# INSTRUCTIONS FOR THE TASK:
What is needed is the full listing written out exactly, minus the pictures.

# EXERCISE DATA:
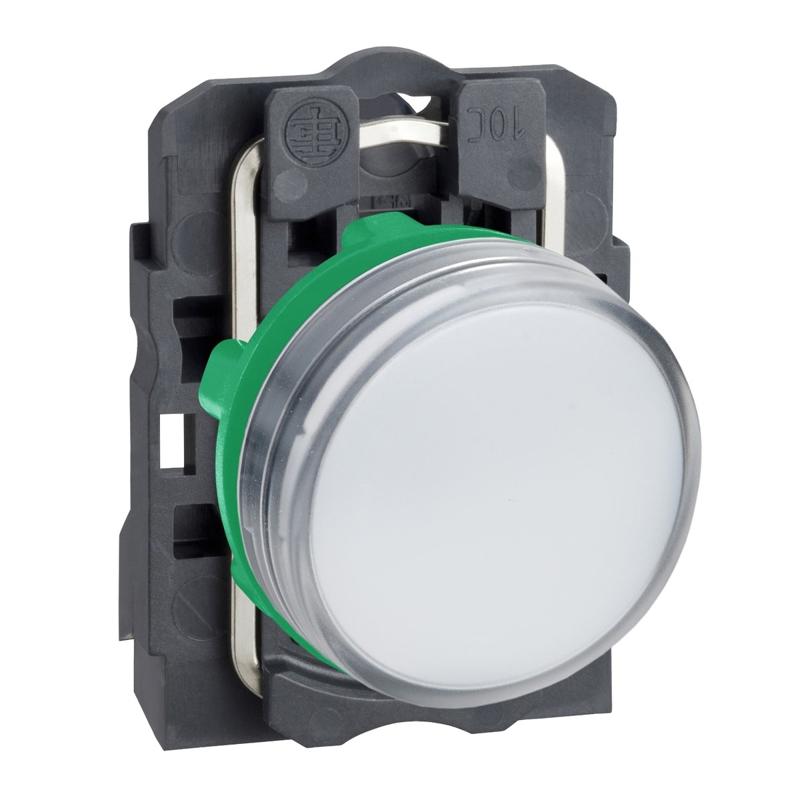 Schneider Electric Pilot light, Harmony XB5, grey plastic, white, 22mm, universal LED, plain lens, 230...240V AC, manufacturer catalog image
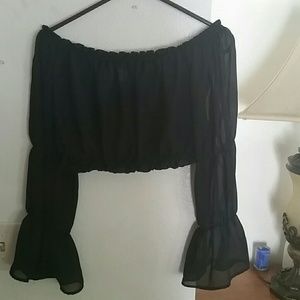 Accent black half shirt with long sleeves size med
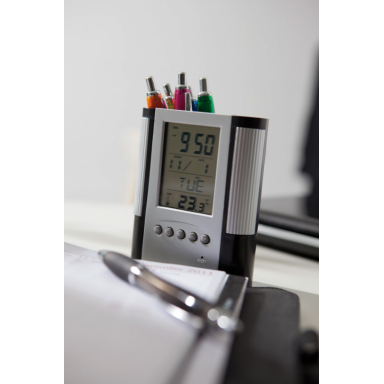 Подставка для ручек BATTLER с часами, электронным календарем и термометром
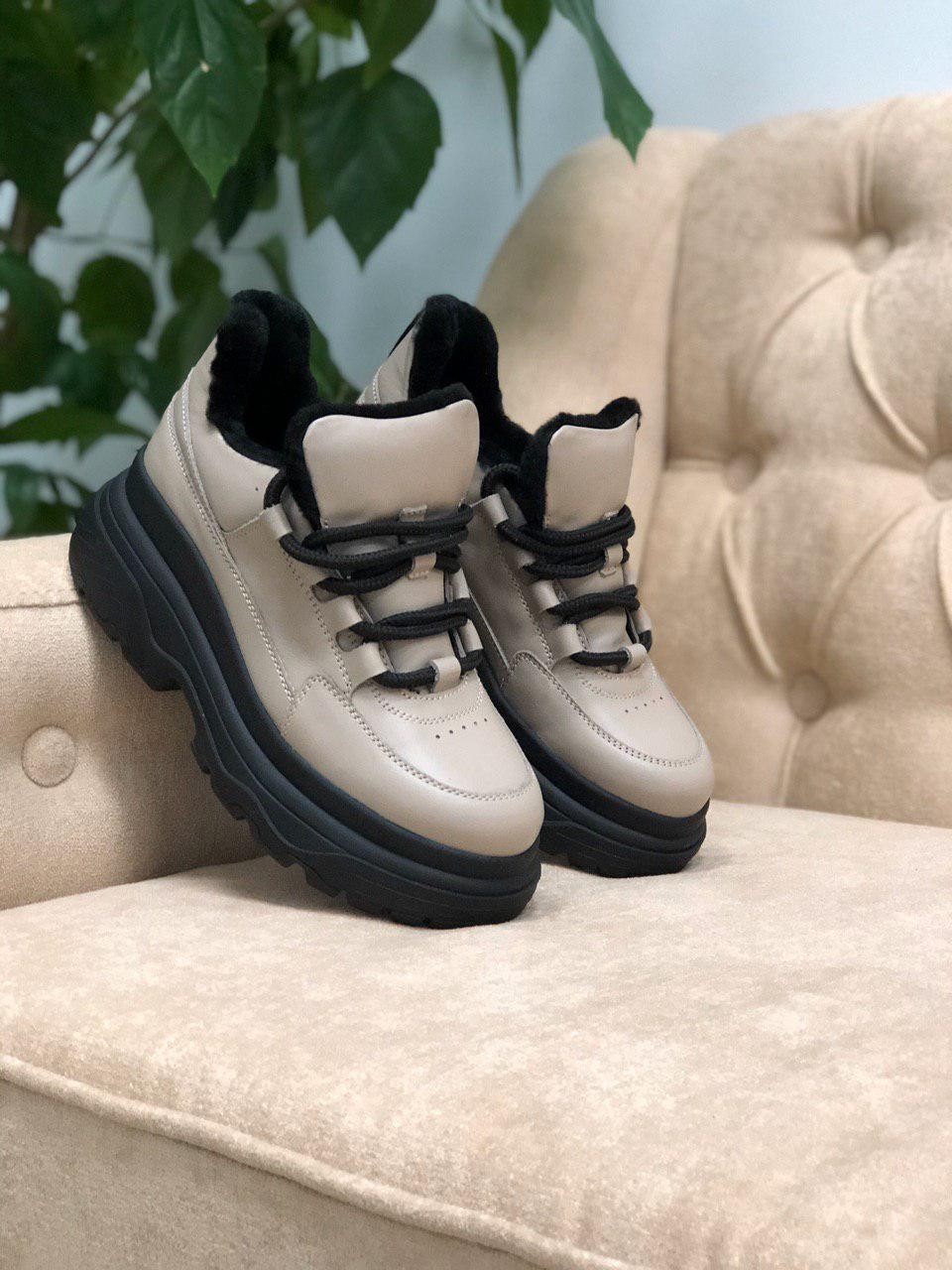 

Кроссовки женские кожаные Shoozi bench Fly зимние 40 нюдовые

# TASK RESPONSE:
 Schneider Electric Pilot light, Harmony XB5, grey plastic, white, 22mm, universal LED, plain lens, 230...240V AC, manufacturer catalog image
 Accent black half shirt with long sleeves size med
 Подставка для ручек BATTLER с часами, электронным календарем и термометром

Кроссовки женские кожаные Shoozi bench Fly зимние 40 нюдовые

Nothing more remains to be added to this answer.